Abstract
In light of the growing popularity of digital photography and the decreasing dependence on hard-copy photographic formats, this paper provides a thorough analysis of the comprehension and application of image restoration software. As a result, many photographic memories now sit in home storage for long periods of time, eventually giving way to the deterioration of image quality. However, the purpose of this research is to shed light on the revolutionary possibilities of advanced algorithms and technology in the restoration of these. However, the suggested approach recognizes the significant difficulties brought about by the complexity of the algorithm and the resource-intensive nature of the restoration procedure, highlighting the necessity of continued research and development.

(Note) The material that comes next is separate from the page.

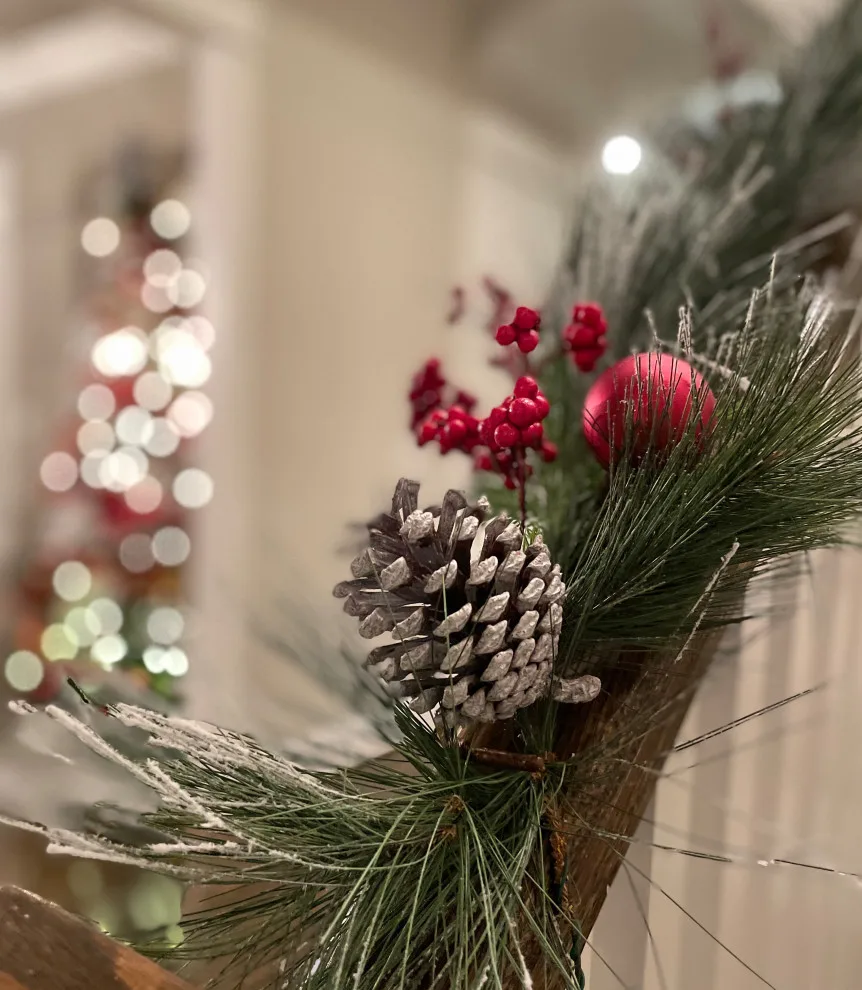 Festive Decorations | Dining Room & Entryway by A. Logan Designs, LLC - Photo 5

In conclusion, picture restoration software proves to be a vital instrument for preserving our digital legacy, revitalizing visual stories, even though there is a constant need for creative ways to overcome the challenges it poses. Utilizing technologies such as Variational Autoencoders (VAEs), open CV, Generative Adversarial Network (GAN), deep learning, and their applications, this proposed system has the potential to fundamentally alter photography and the field of archaeological surveys, assisting in historical discoveries and revealing world truths and times that have been concealed for centuries in the form of images. Proposed system are validated on standard facial dataset.
Keywords: Convolutional Neural Network (CNN), Face Detection, Image Processing, Mean Square Error (MSE), Open CV, Peak to Signal to Noise Ratio PSNR.